Una formula che uso spesso per descrivere me stesso è “io sono dalemiano; è D’Alema che ha smesso di esserlo”. Nel giorno dello sciopero generale, Francesco ha postato un discorso di D’Alema del 1997 che mi ha ricordato una volta di più il senso di quella frase. Riprendo qui l’ultima parte di quel discorso:

Non chiedo certo al sindacato di legalizzare il lavoro nero, il lavoro precario, il sottosalario. Sarebbe assurdo. Ma penso che noi dovremmo preferire essere lì con quei lavoratori e negoziare quel salario (per miglioralro) e negoziare i loro diritti, anziché stare fuori da quelle fabbriche con in mano una copia del contratto nazionale di lavoro.

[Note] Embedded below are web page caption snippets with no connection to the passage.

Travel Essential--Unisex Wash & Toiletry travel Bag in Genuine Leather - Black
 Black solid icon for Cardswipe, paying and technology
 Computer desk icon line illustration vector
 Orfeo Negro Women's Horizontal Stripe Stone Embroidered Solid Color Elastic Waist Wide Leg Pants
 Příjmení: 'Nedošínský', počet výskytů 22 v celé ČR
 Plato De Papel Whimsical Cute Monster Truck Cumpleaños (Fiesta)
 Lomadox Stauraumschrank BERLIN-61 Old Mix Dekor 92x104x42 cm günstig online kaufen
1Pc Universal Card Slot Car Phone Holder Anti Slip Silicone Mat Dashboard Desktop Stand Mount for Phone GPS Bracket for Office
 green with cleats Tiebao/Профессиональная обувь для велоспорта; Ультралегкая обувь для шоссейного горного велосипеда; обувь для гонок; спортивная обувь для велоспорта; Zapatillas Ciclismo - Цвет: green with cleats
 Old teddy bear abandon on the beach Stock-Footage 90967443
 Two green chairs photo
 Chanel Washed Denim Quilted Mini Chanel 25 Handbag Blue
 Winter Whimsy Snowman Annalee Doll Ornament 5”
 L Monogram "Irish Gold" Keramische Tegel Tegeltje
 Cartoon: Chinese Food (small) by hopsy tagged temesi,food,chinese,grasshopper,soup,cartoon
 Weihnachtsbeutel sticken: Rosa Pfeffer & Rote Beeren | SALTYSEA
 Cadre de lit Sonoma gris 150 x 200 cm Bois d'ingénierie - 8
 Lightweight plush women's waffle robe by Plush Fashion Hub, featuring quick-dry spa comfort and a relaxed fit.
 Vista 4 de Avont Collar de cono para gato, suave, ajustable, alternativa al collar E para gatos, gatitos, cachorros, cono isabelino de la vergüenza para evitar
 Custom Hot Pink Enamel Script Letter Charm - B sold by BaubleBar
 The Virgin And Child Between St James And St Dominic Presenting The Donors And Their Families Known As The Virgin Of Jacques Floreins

Il fallimento del tentativo di D’Alema di accompagnare la sinistra italiana nel XXI° secolo lo stiamo pagando ancora oggi. E temo lo pagheremo per molto tempo ancora, condannandoci a quella condizione di minorità così ben descritta quindici anni fa dal segretario del Pds, un partito che – come ci ricorda Costa – aveva la falce e il martello nel proprio simbolo. Tra l’altro è proprio quella condizione di minorità che oggi ci impedisce di contrastare in modo efficace le parti inaccettabili della norma (l’art. 8 della manovra), voluta con mal celata malafede dal ministro Sacconi.

Oggi la Cgil sciopera soprattutto contro quella norma; una norma che recepisce, estendendone il campo di applicazione, un accordo firmato anche dalla Cgil il 28 giugno scorso. Si sciopera quindi contro il rafforzamento della contrattazione aziendale a discapito di quella nazionale. Insomma, ironia della sorte, il feticcio sventolato oggi nelle piazze (anche da Massimo D’Alema?) è proprio “una copia del contratto nazionale di lavoro” e – secondo paradosso – nel Pd i più accesi sostenitori della necessità di essere in quelle piazze sono proprio i giovani dirigenti democratici considerati più vicini all’ex Presidente del Consiglio.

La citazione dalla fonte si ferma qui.